What will his relationship be like with this gang going forward?

That part of the story really opens up, and what I really like about this show is that it's hard to define. It becomes as much a crime thriller as it is a medical drama, and so we really learn a lot more about the dynamics of the gang and how it works. You don't know whether any situation is going to be resolved peacefully or violently. That's a really exciting dynamic about the show.

He has a lot of different responsibilities to different people. How will he balance that?

That's really the series there in a nutshell. How is he going to go about doing that? How does he get out of these situations? How does he play off one side against the other? Bear in mind that his skill set is not suited for these worlds. He's an ER doctor, he can fix broken bones, but beyond that he's not a superhero. He's just a guy. Watching an ordinary man in extraordinary circumstances, having to go to any lengths — its compelling drama.

He tries to keep his dealings with the gang a secret from his wife, but how long can he keep that up? How is his home life impacted?

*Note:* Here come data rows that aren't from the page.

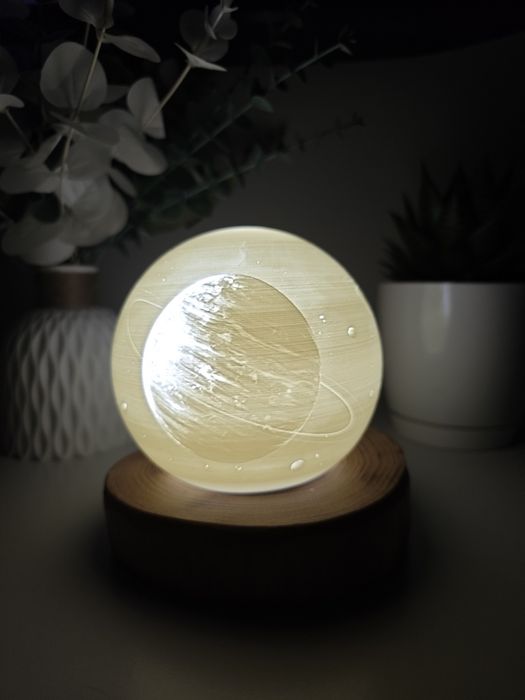 Lampă 3D personalizată - cadou personalizat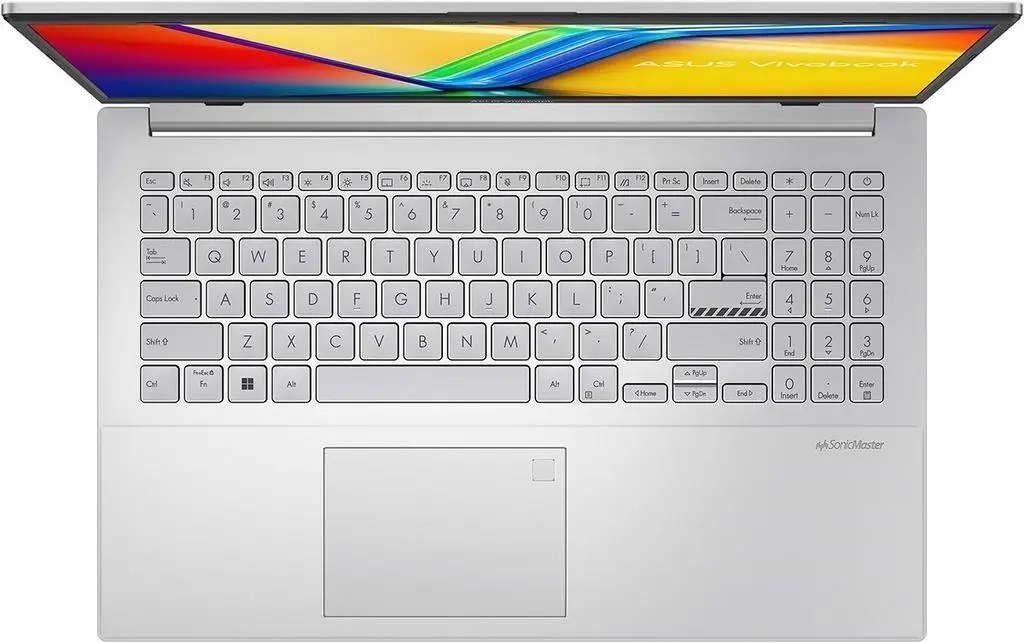 Laptop Asus Vivobook Go 15 E1504FA (15.6"/FHD/Ryzen 5 7520U/16GB/512GB), argintiu pe tehnoparc.md Laptop Asus Vivobook Go 15 E1504FA (15.6"/FHD/Ryzen 5 7520U/16GB/512GB), argintiu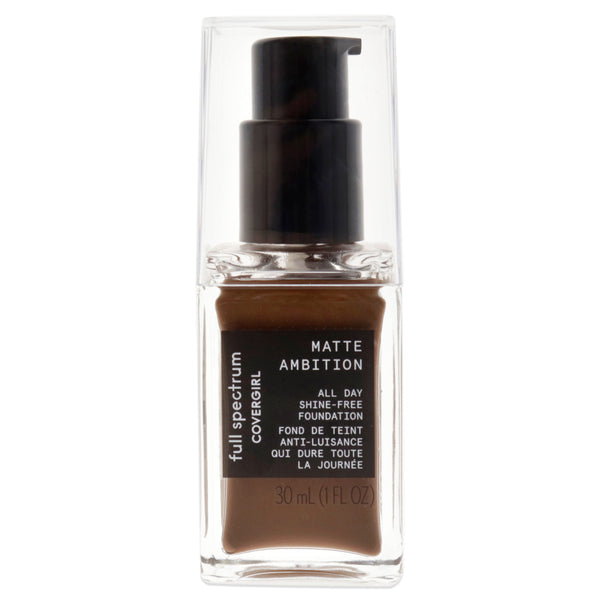 Covergirl Matte Ambition All Day Liquid Foundation - 3 Deep Cool by CoverGirl for Women - 1 oz Foundation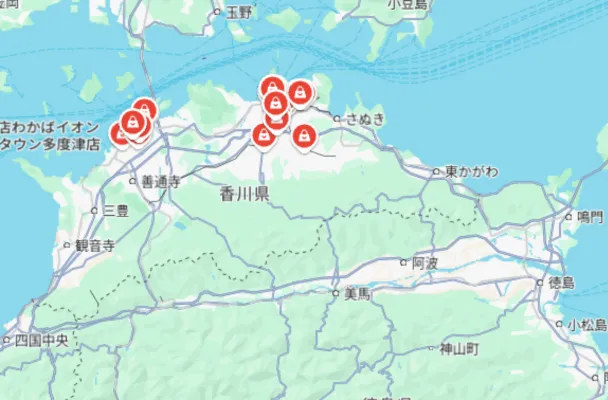 香川県内の買取専門店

In order to protect his family, he has to keep it secret for as long as possible. As you continue to watch the series, you realize that she's keeping secrets from him as well because they can't agree on how to come together and grieve over their loss. So there's some distance there, there's a disconnect that grows as the series continues. Obviously his main concern is to protect his family and he feels that keeping her in the dark is one of the better ways to do that. Obviously she's a lawyer, so later on she might be able to employ some of those skills. He's going to try to keep that a secret for as long as possible.

Is there someone else that John will turn to instead of his wife?

They're both in need of finding comfort from people other than each other at various points.

Complications airs Thursdays at 9 p.m. on USA.